Digital Media Course Recommendation: Marketing Foundations by The Trade Desk

  • Preeti Kumar

    Marketing Associate

Posted on April 28, 2020 in Design

The Trade Desk is that hot ad tech company that probably you have only heard of if you are linked to digital media buying or are an investor in the stock market. 

Valued at roughly $10 billion, its stock became an overnight favorite of investors right from its IPO back in September 2016, trading at nearly 14 times its IPO price within 3 years!

For now, let’s bring our attention back to digital marketing and more specifically digital media. 

Trade Desk, much like Google’s DSP, enables automated bidding on advertising inventory in real-time, allowing marketers to show an ad to a specific customer, in a specific context. Essentially, it is an automated data-driven advertising platform allowing real-time bidding.

Programmatic sells (and delivers) on the promise of long-tail audience reach to marketers. To put the long tail in perspective – Facebook, the biggest social media platform has 2.5B active users (as of 2019 last quarter). There are, however, 4.5B active internet users worldwide (as of 2019 end) which a DSP like Trade Desk or Google Marketing Platform lets you reach. 

Amazon’s demand-side platform is growing rapidly as well, offering dynamic bidding options to marketers, something that Facebook Ads manager is yet to offer. 
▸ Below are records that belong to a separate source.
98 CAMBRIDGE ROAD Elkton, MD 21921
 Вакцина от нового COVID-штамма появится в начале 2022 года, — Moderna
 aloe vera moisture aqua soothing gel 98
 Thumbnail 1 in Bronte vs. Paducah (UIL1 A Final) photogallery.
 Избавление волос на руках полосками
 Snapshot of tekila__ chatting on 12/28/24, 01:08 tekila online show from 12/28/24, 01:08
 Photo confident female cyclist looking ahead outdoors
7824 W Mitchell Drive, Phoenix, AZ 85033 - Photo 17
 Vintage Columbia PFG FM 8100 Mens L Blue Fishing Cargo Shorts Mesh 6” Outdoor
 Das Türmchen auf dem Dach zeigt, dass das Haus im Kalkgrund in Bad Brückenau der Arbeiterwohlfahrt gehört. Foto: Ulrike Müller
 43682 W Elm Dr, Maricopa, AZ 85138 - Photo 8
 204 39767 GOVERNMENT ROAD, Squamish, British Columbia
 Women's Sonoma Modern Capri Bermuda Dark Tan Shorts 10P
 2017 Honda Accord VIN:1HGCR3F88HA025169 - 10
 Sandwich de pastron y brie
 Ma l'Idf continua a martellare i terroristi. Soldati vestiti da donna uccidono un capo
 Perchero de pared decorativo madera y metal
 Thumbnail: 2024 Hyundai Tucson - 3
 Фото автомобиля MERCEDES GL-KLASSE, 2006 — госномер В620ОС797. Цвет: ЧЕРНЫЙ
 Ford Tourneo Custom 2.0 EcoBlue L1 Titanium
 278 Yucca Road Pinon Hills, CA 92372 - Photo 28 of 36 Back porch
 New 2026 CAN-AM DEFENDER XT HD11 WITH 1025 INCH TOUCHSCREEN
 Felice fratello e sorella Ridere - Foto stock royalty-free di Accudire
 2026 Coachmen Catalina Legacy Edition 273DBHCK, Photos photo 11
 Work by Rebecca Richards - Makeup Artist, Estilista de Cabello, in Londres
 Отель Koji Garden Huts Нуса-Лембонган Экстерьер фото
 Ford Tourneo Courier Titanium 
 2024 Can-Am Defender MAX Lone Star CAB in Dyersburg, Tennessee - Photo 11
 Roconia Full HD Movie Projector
The possibility of bidding and decision-ing in real-time between a Spotify commercial, an in-app banner, or a Hulu TV spot based on efficacy and campaign goals will keep getting more attractive for marketers as more screens and speakers are added.

 

Learning data-driven media planning and buying will be a vital skill for anyone related to marketing and advertising but in particular, this course will be helpful for – 

  • Brand managers who are writing cheques for programmatic campaigns 
  • Media buyers who are executing campaigns but don’t necessarily understand the nuts and bolts of strategy
  • Analysts who are reporting back on media performance

The certifications are free on Edge Academy at Trade Desk through 2020. 

Main Topics that the Foundation course covers:

  • History of Programmatic Media 
  • How Real-time bidding works
  • How to activate data inside your DSPs, leverage first and third-party data in DMPs, and how SSPs work. If you don’t understand these abbreviations and still write cheques for the media, this course is for you :)
  • Open and private markets, leveraging deal ids to retain the benefits of relationships and negotiation muscle

Why did the Trade Desk Foundations course interest me?

  • Having held brand management roles for over seven years with co-responsibility of P&L at the end of it, I have signed cheques for multi-million dollar national campaigns. Admittedly though, I didn’t fully appreciate the performance metrics such as viewability, on target %, or the role of assigning conversion credit. In 2013, most media discussions revolved around GRPs with GMTV hogging over 80% or so of the media budget, and sophisticated performance metrics provided by third-party providers were not commonplace.

 

  • Digital media will only get bigger. As Jeff Greene puts it:

Advertising is the currency by which the internet pays for itself.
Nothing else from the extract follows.